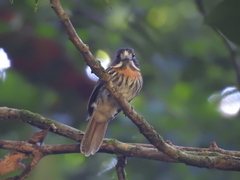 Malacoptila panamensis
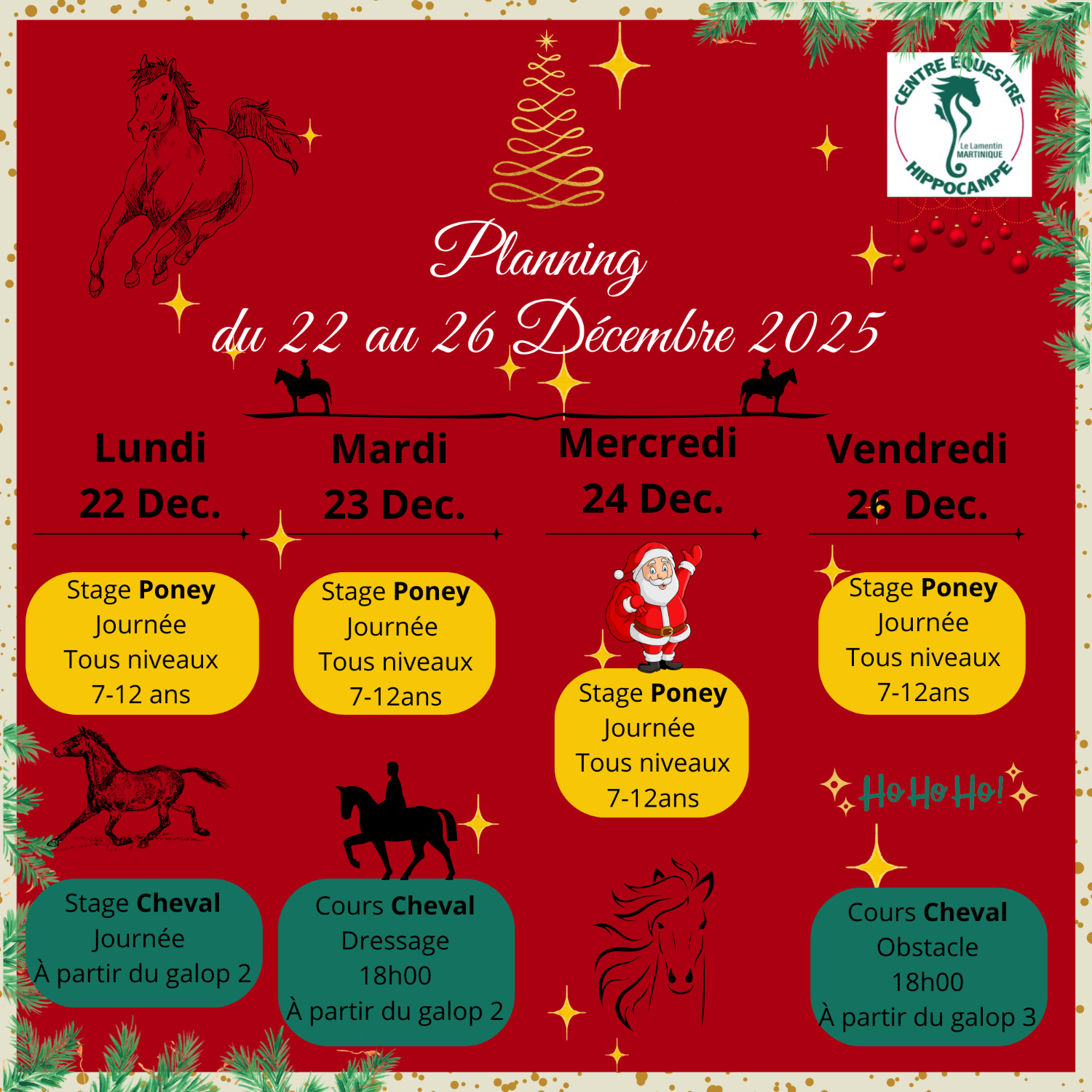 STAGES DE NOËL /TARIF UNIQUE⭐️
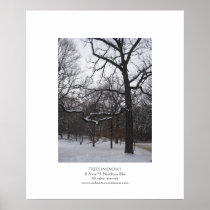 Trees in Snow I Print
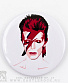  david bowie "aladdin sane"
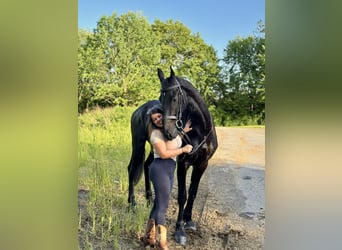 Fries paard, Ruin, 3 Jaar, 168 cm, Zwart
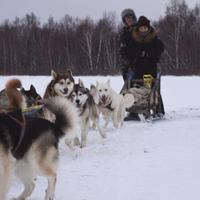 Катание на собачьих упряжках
================
From the line holding "Fries paard, Ruin, 3 Jaar, 168 cm, Zwart" through the last line of the material above, each line should be written out exactly, both included; omit the pictures.

 Fries paard, Ruin, 3 Jaar, 168 cm, Zwart
 Катание на собачьих упряжках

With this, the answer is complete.